Leseprobe
Inhaltsverzeichnis
1. Einleitung
2. Begriffe und Definitionen – Gewalt, Macht und Machtmissbrauch
3. Die Lehrer-Schüler-Beziehung
3.1 Grundlegende Charakteristika der Lehrer-Schüler-Beziehung
3.2 Wandel der wissenschaftlichen Betrachtungsweise
3.3 Das transaktionale Modell der Schüler-Lehrer-Beziehung (nach Nickel 1976)
3.4 Erwartungen als Stör- und Fehlerquellen für die Wahrnehmung und die Handlungsentscheidung
4. Gewalt und Machtmissbrauch von Lehrern gegenüber Schülern
4.1 TIMMS-Studie in Österreich (vgl. Krumm/Lamberger- Baumann/Haider 1997)
4.2 Studentenbefragung (vgl. Krumm/Weiß 2000a; Krumm 1999b)
4.3 Bremer Schülerbefragung (vgl. Leithäuser/Meng 2003)
4.4 Qualitative Arbeit zum Mobbing von Lehrern gegenüber Schülern (vgl. Hoos 1999)

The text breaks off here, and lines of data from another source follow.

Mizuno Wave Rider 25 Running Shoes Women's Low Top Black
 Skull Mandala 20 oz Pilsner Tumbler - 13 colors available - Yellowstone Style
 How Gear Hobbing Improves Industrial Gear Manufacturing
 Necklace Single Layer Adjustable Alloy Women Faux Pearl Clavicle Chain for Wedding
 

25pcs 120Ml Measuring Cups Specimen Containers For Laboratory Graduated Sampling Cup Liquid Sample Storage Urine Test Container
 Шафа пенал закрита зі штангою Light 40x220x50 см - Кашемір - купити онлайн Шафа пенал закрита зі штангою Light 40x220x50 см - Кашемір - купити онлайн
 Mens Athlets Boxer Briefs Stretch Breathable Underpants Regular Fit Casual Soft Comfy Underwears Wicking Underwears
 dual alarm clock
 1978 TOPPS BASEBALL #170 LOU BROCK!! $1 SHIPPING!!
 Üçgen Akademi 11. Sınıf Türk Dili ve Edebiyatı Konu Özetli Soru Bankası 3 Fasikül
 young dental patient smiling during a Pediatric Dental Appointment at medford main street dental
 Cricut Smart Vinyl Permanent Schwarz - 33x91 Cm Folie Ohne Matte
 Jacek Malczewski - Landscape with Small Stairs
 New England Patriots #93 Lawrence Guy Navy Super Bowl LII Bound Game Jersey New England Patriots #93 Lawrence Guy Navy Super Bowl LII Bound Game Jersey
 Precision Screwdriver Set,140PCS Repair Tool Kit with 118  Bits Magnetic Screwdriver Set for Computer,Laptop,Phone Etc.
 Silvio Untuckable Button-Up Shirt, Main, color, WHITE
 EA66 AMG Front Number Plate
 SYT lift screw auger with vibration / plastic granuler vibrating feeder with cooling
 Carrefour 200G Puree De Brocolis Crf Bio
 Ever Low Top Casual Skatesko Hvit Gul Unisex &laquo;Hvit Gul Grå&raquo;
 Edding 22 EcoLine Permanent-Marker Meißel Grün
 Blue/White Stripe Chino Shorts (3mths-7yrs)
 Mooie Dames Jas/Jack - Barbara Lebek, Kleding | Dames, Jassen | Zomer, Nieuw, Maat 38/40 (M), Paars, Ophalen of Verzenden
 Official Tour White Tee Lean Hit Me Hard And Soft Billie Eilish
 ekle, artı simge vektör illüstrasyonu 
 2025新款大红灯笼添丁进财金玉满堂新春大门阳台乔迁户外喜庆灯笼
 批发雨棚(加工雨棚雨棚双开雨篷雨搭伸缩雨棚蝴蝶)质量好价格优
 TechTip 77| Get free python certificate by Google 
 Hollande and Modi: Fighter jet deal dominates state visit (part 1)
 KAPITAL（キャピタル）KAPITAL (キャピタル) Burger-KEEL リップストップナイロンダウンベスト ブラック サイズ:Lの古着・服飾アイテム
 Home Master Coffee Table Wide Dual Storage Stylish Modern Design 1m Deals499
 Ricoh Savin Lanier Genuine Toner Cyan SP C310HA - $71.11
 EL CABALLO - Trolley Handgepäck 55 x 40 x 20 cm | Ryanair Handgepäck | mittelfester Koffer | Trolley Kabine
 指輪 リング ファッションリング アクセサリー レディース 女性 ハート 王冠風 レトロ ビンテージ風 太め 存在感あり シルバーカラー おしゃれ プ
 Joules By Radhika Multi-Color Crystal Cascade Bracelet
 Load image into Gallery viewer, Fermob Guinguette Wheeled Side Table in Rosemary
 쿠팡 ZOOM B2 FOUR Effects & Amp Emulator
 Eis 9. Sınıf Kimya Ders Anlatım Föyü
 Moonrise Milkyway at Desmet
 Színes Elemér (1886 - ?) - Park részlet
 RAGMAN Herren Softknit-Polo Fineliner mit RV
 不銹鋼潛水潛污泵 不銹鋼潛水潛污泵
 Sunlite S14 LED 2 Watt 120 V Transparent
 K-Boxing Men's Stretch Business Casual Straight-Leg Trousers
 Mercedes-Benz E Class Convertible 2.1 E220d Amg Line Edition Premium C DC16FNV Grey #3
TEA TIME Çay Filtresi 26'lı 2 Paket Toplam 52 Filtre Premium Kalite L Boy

5. Erklärungsansätze für Lehrergewalt bzw. Machtmissbrauch von Lehrern gegenüber Schülern
5.1 Struktureller und situativer Erklärungsansatz
5.2 Personenbezogenen Erklärungsansätze
6. Breitflächiges Supervisionsprogramm als Maßnahme gegen Machtmissbrauch von Lehrern?
7. Schluss
Literaturverzeichnis
1. Einleitung
In dieser Bachelor-Arbeit wird sich der Verfasser mit dem Thema „Lehrergewalt und Machtmissbrauch als spezifische Aspekte der Lehrer-Schüler-Beziehung“ auseinandersetzen. „Gewalt in der Schule“ stellt laut Wawretschek-Wedemann ein international bestehendes soziales Problem dar, welches „mit je spezifischem Fokus besonders in den USA (harte Formen der Gewalt), in den skandinavischen Ländern (Bullying) und westeuropäischen Ländern (physische und verbale Gewalt), in Japan und Südafrika (sexuelle Gewalt) öffentlich und wissenschaftlich diskutiert worden ist“ (Wawretschek-Wedemann 2013, 97). Einige spektakuläre Einzelfälle haben in den 1990er Jahren in Deutschland eine intensive mediale Debatte und in der Folge eine rege empirische Forschung zur tatsächlichen Verbreitung von Gewalt in Schulen ausgelöst. Die Studien der letzten zwei Jahrzehnte bezogen sich dabei fast ausschließlich auf die Gewalt von Schülern1 (ebd., 97). Auch Klewin et al. (2002, 1078) beschäftigen sich in ihrem Beitrag zum Internationalen Handbuch der Gewaltforschung nicht eingehend mit der Gewalt, die von der Institution Schule und ihren Vertretern ausgeht. Damit folgen die Autoren der aus ihrer Sicht dominanten Diskussions-und Forschungsperspektive (ebd., 1078). Krumm analysierte über 50 empirische Untersuchungen mit dem Thema „Gewalt in der Schule“ und kam zu dem Ergebnis, dass fast nur Gewalt von Schülern gegen Schüler, Lehrer und Sachen untersucht wurde (Krumm 1999a, 4). Auch das verbreitete Werk zur „Forschung über Gewalt an Schulen“ (Holtappels et al., 1999) enthielt außer in einer Fußnote im Beitrag von Krumm (ebd., 64) keinen Hinweis auf Lehrergewalt gegen Schüler.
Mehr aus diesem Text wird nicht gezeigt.